SOURCE MATERIAL —
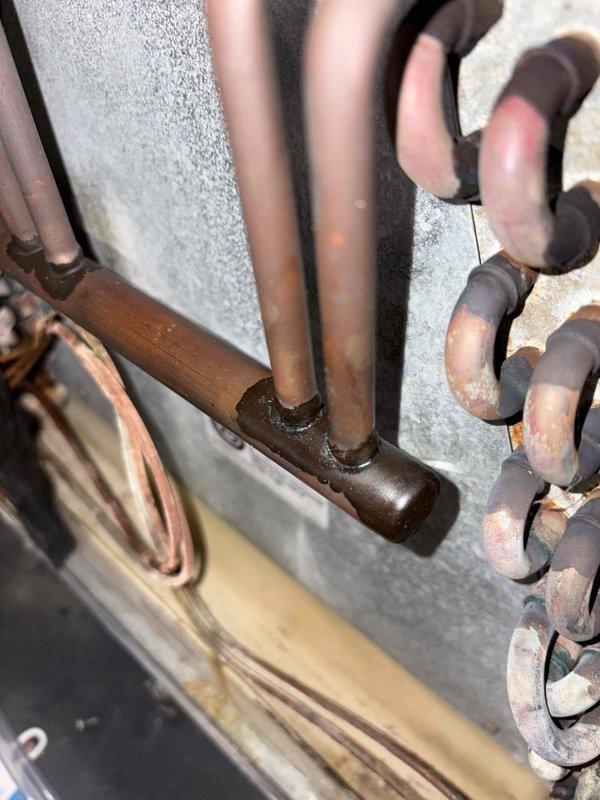 Responded to no cooling condition on 2023 Amana system. Found complete refrigerant loss following previous service visit. Inspected refrigerant circuit and located brazed joint connections on copper lines. Recharged system with refrigerant at no charge to restore cooling operation.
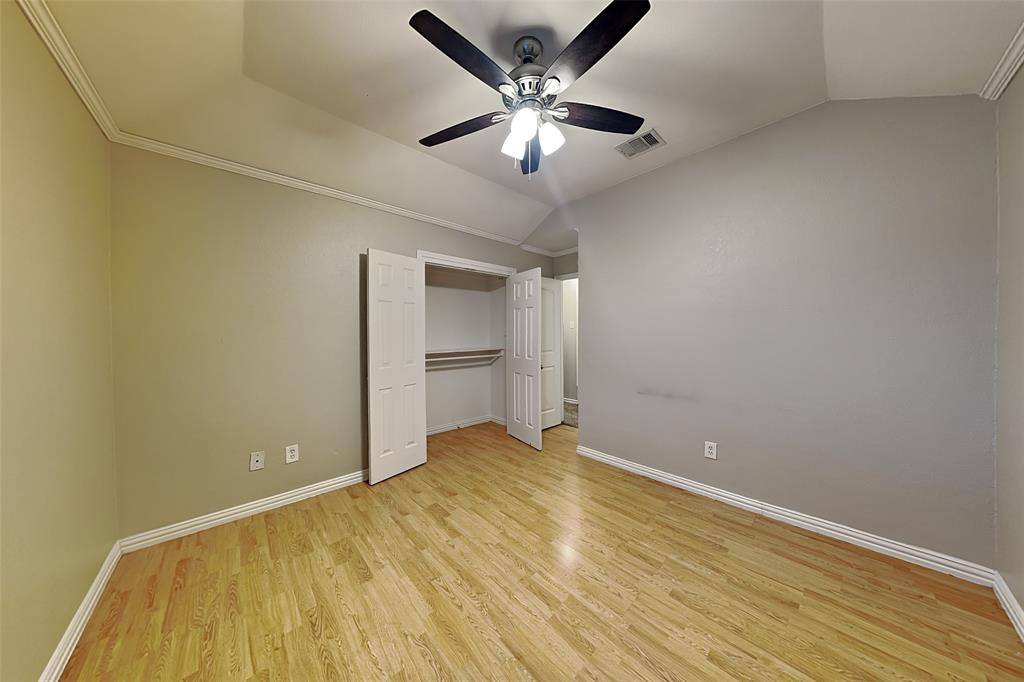 1213 Broken Arrow Trail Carrollton, TX 75007 - Photo 12 of 19 wooden floor in an empty room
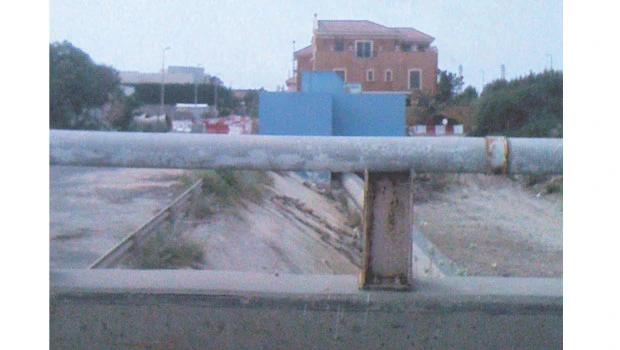 Officials have no explanation for houses built along rainwater canal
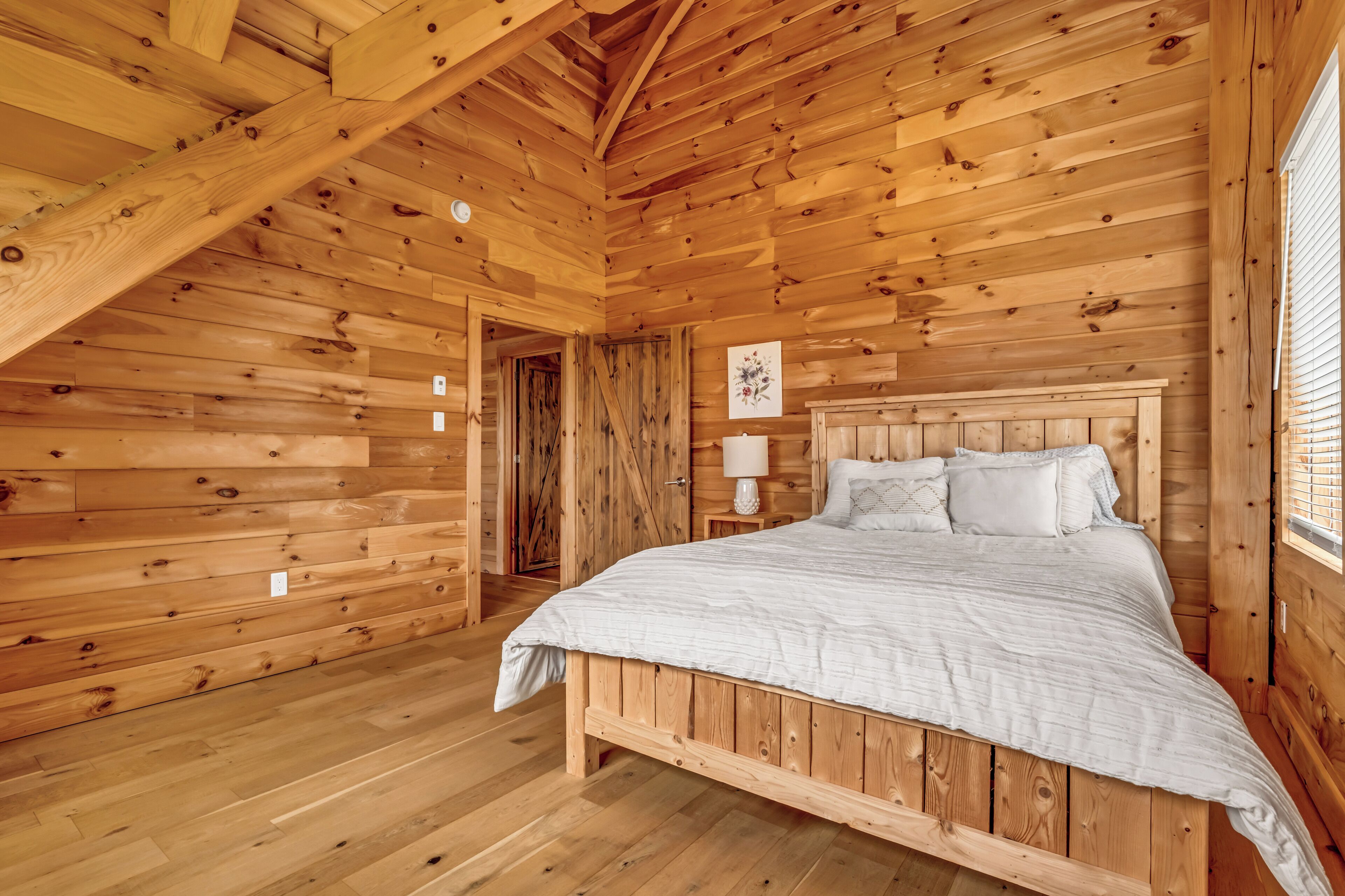 A wooden cabin bedroom with a bed, a nightstand, and a wall-mounted lamp.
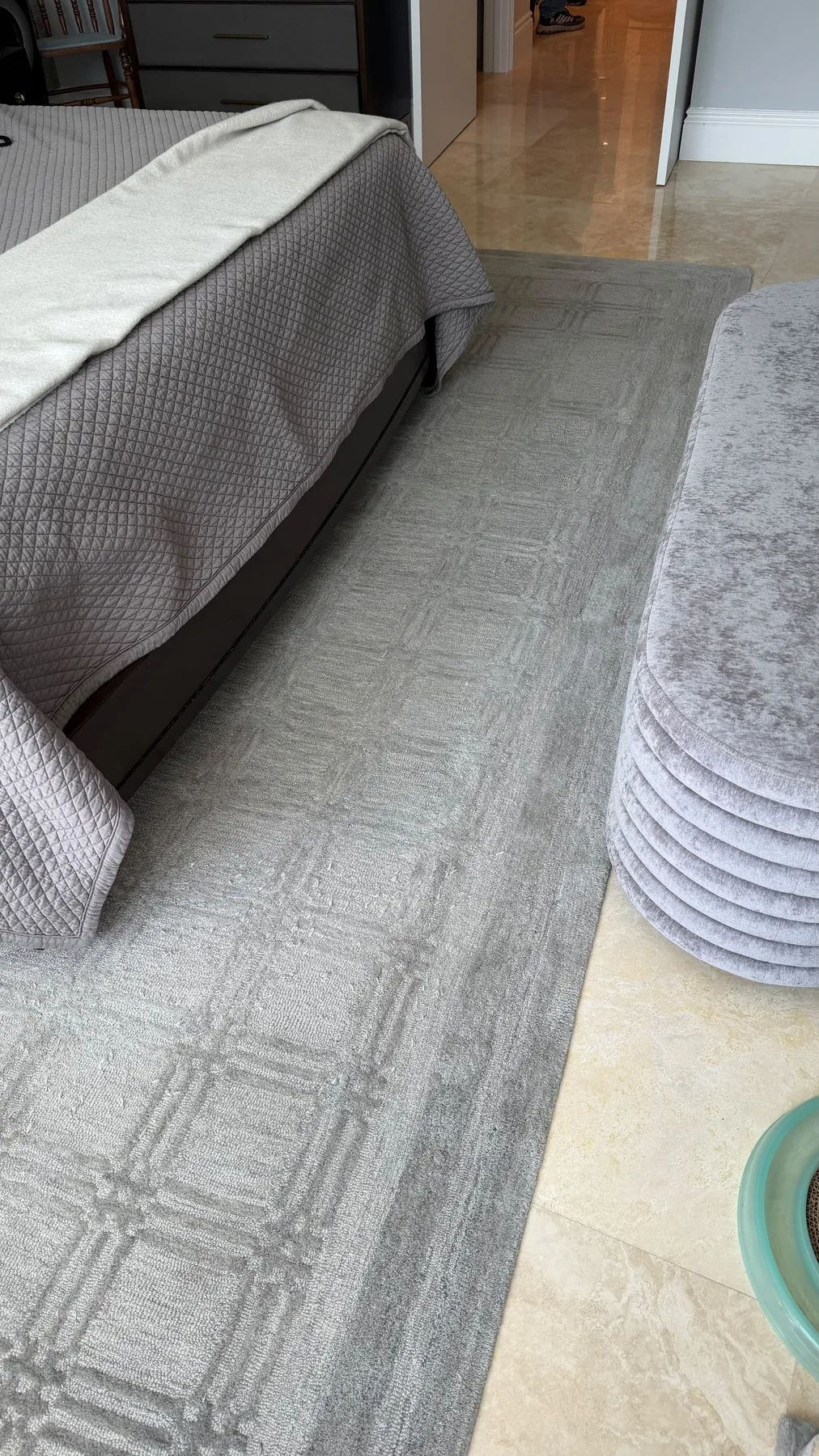 Clean carpet beside a bed after professional extraction in Fort Lauderdale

WORK INSTRUCTION —
Starting from the line containing "A wooden cabin", repeat each line exactly through the end of the entries, including the last, while leaving pictures out.

THE COMPLETED TASK —
 A wooden cabin bedroom with a bed, a nightstand, and a wall-mounted lamp.
 Clean carpet beside a bed after professional extraction in Fort Lauderdale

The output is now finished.